Station Operating Expenses. Station operating expenses were $18.4 million for the three months ended March 31, 2003 compared to $17.9 million for the three months ended March 31, 2002, an increase of $0.5 million or 2.8%. The station operating expenses increase was offset by a decrease in barter expense primarily due to the conclusion of the AOL barter agreement in August 2002. To provide better clarity on our station operating expenses, if the non-cash AOL barter expense of $2.5 million is excluded from the prior year quarter ended March 31, 2002 results, pro forma station operating expenses actually increased by $3.0 million or 19.5%. The increase was primarily attributed to expenses related to the start-up stations in Chicago and Los Angeles which began operating on January 6, 2003 and March 1, 2003, respectively. These start-up stations had station operating expenses of $1.0 million. In addition, we granted ICFG a warrant exercisable for an aggregate of 100,000 shares of our Class A common stock with a fair market value of approximately $0.3 million based on the Black-Scholes option pricing model in accordance with SFAS No. 123 Accounting for Stock-Based Compensation. The fair market value of this warrant was recorded as a non-cash programming expense.
Station Operating Income. Station operating income was $10.4 million for the three months ended March 31, 2003 compared to $11.0 million for the three months ended March 31, 2002, a decrease of $0.6 million or 5.5%. Our station operating income margin decreased to 36% for the three months ended March 31, 2003 compared to 38% for the three months ended March 31, 2002. Station operating income and margin decreased as a result of the increase in station operating expenses due to the start-up stations and non-cash programming expense related to the warrant issuance.
Corporate Expenses. Corporate expenses were $4.5 million for the three months ended March 31, 2003 compared to $2.9 million for the three months ended March 31, 2002, an increase of $1.6 million or 55.2%. The increase in corporate expenses resulted mainly from an increase in legal and professional fees, as well as insurance, including directors and officers insurance.
EBITDA. EBITDA was $5.9 million for the three months ended March 31, 2003 compared to $8.1 million for the three months ended March 31, 2002, a decrease of $2.2 million or 27.2%. The decrease in EBITDA was attributed to the decrease in station operating income and the increase in corporate expenses.
Depreciation and Amortization. Depreciation and amortization expense was $0.7 million for the three months ended March 31, 2003 and 2002.
Operating Income from Continuing Operations. Operating income from continuing operations was $5.1 million for the three months ended March 31, 2003 compared to $7.4 million for the three months ended March 31, 2002, a decrease of $2.3 million or 31.1%. The decrease in operating income from continuing operations was caused by a decrease in EBITDA.

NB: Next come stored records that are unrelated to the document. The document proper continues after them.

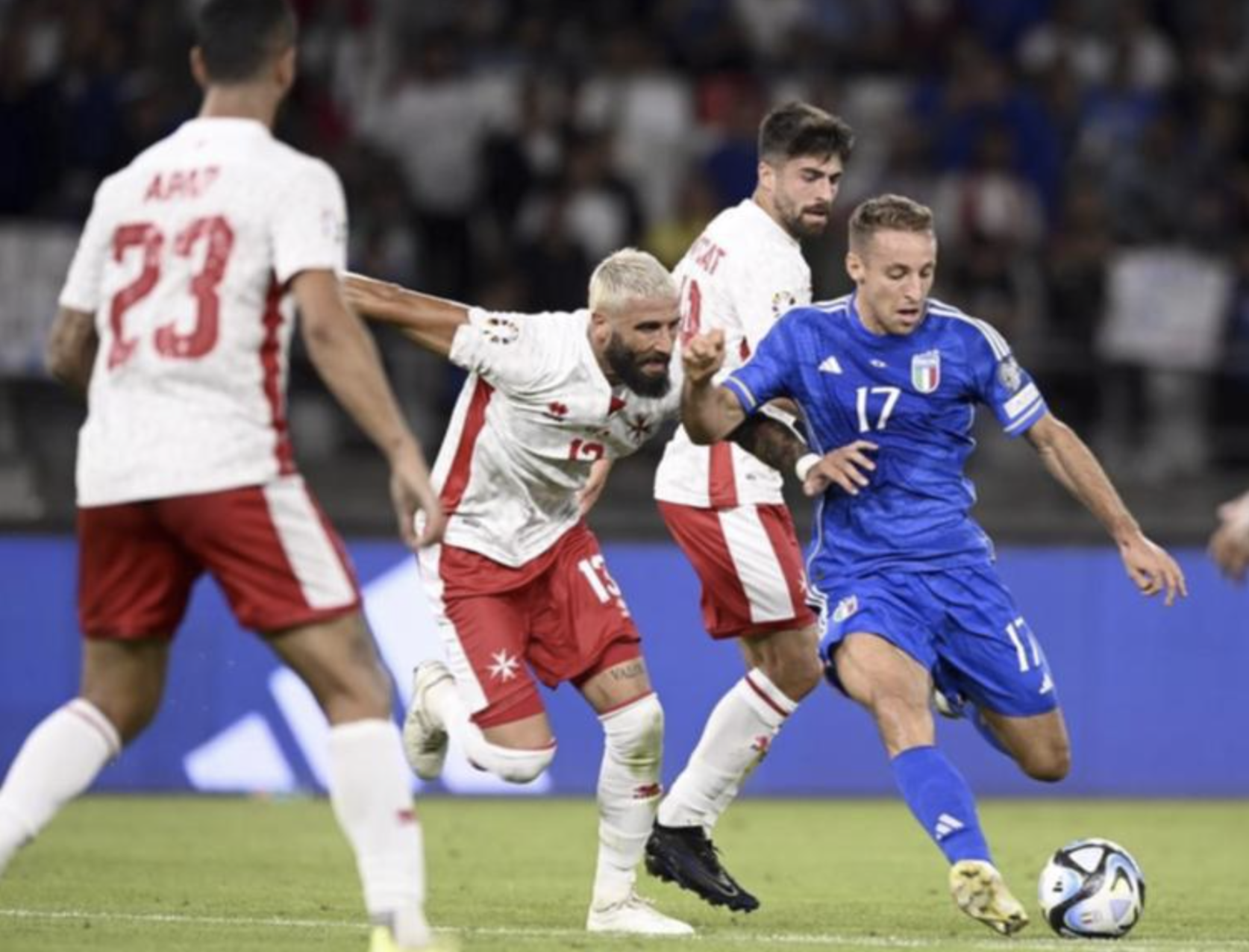 Hạ "tí hon" Malta, tuyển Ý thêm hy vọng dự EURO 2024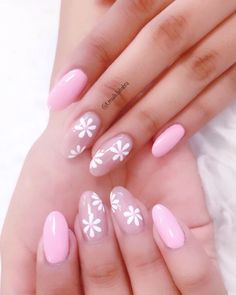 Simple Pale Pink Nails, Round Nails Flower Design, Daisy Nails Pink, Pink Nails White Flowers, Pink Flowers Nails, Pale Pink Nails With Flowers, White Spring Nails, Pink Acrylic Nails With Daisys, Light Pink Acrylic Nails With Flower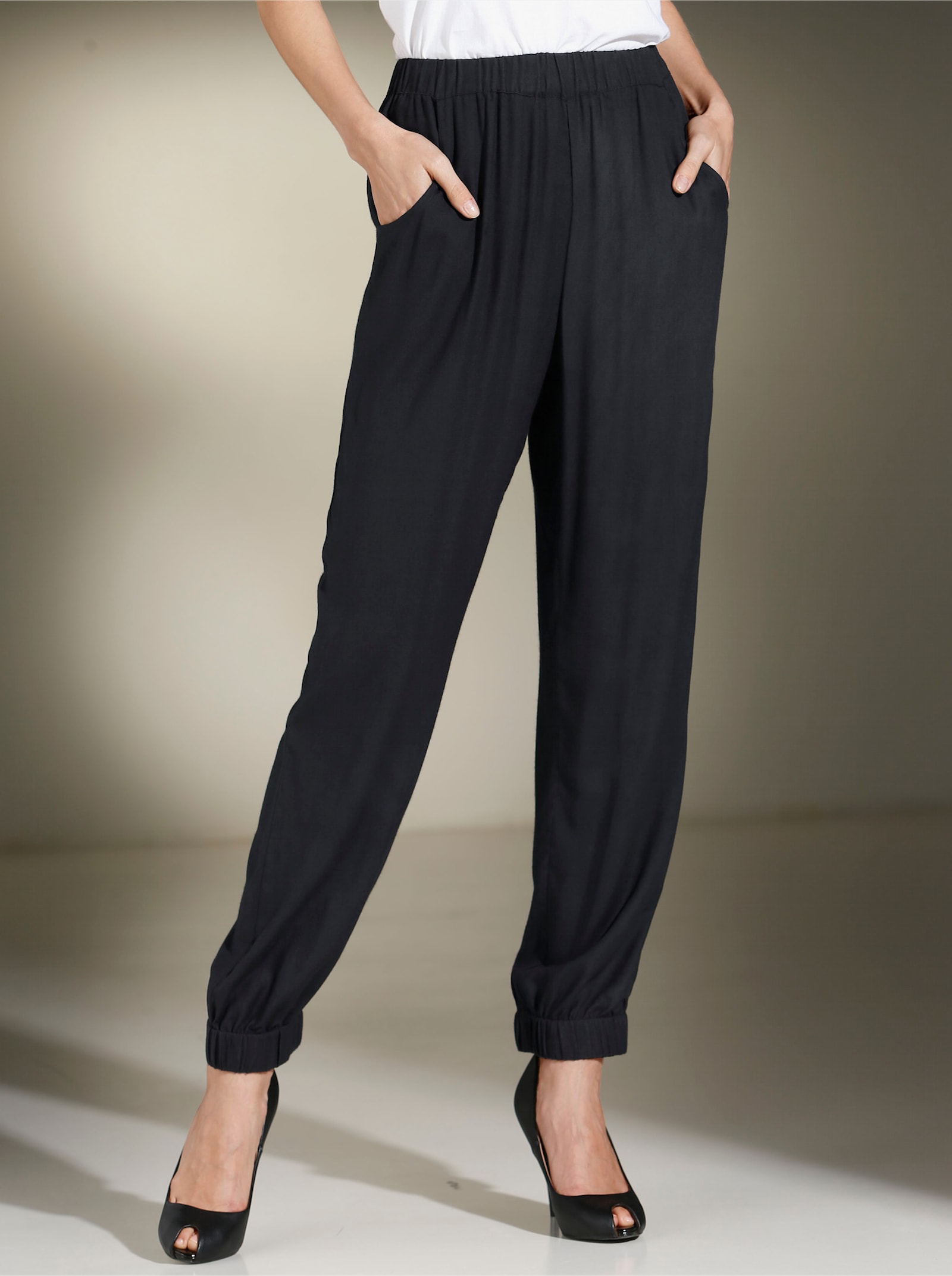 Haremshose mit Bündchen am Saum - schwarz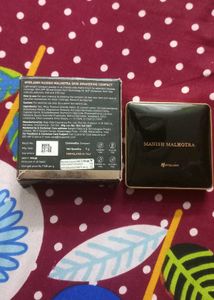 Manish Malhotra MyGlamm Compact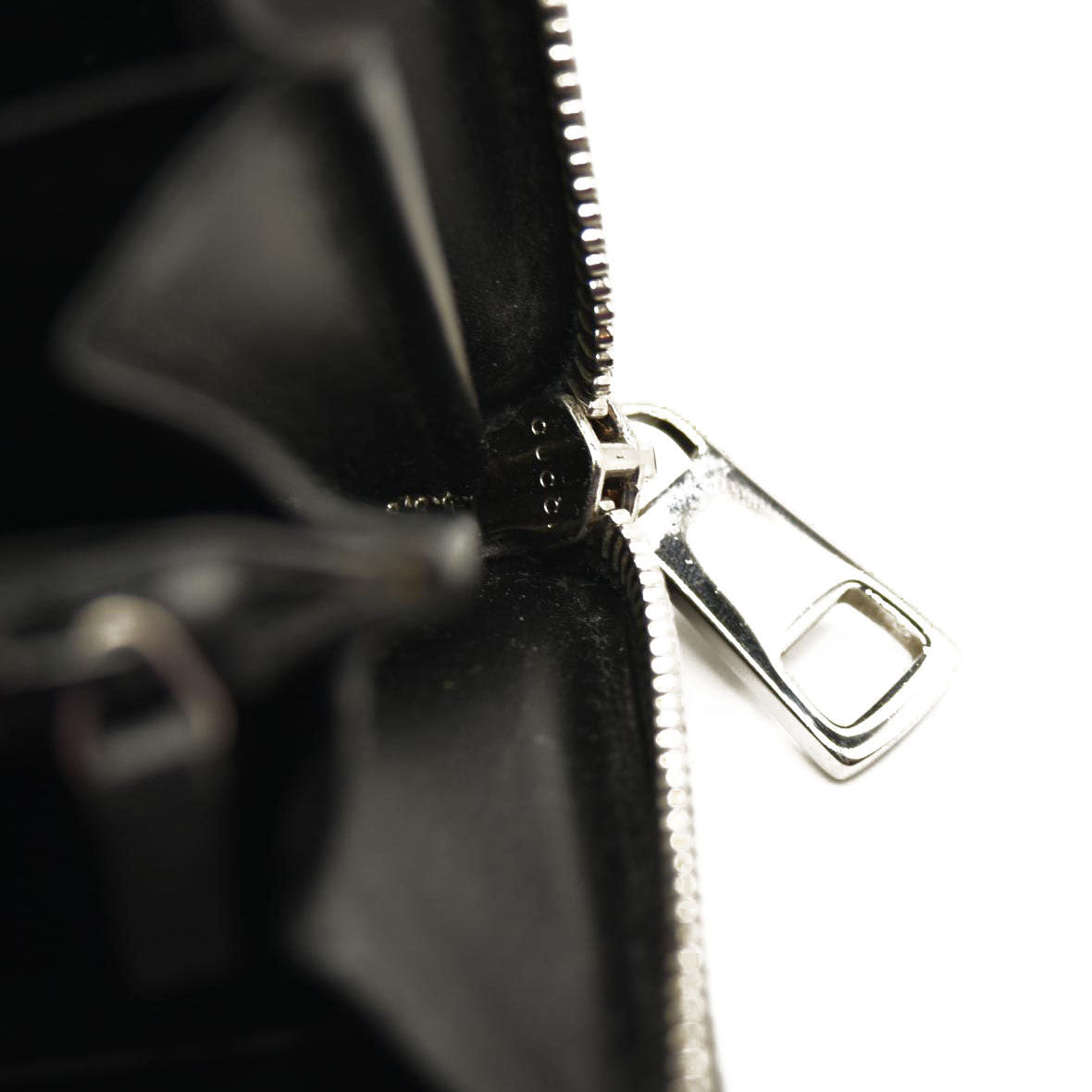 Gucci Black Guccissima Zip Around Wallet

Interest Expense, Net. Interest expense, net, was $8.6 million for the three months ended March 31, 2003 compared to $8.5 million for the three months ended March 31, 2002, an increase of $0.1 million or
15
Income Taxes. Income tax benefit was $(2.7) million for the three months ended March 31, 2003 compared to an income tax expense of $54.1 million for the three months ended March 31, 2002. Income tax (benefit) expense of $(2.7) and $54.1 million were based on our high effective book tax rates for the 2003 and 2002 years, respectively. Our effective tax rate was impacted by the adoption of SFAS No. 142 on December 31, 2001. As a result of adopting SFAS No. 142, the reversal of our deferred tax liabilities related to our intangible assets could no longer be assured over our net operating loss carryforward period. Therefore, our effective tax rate reflects a full valuation allowance on our deferred tax assets.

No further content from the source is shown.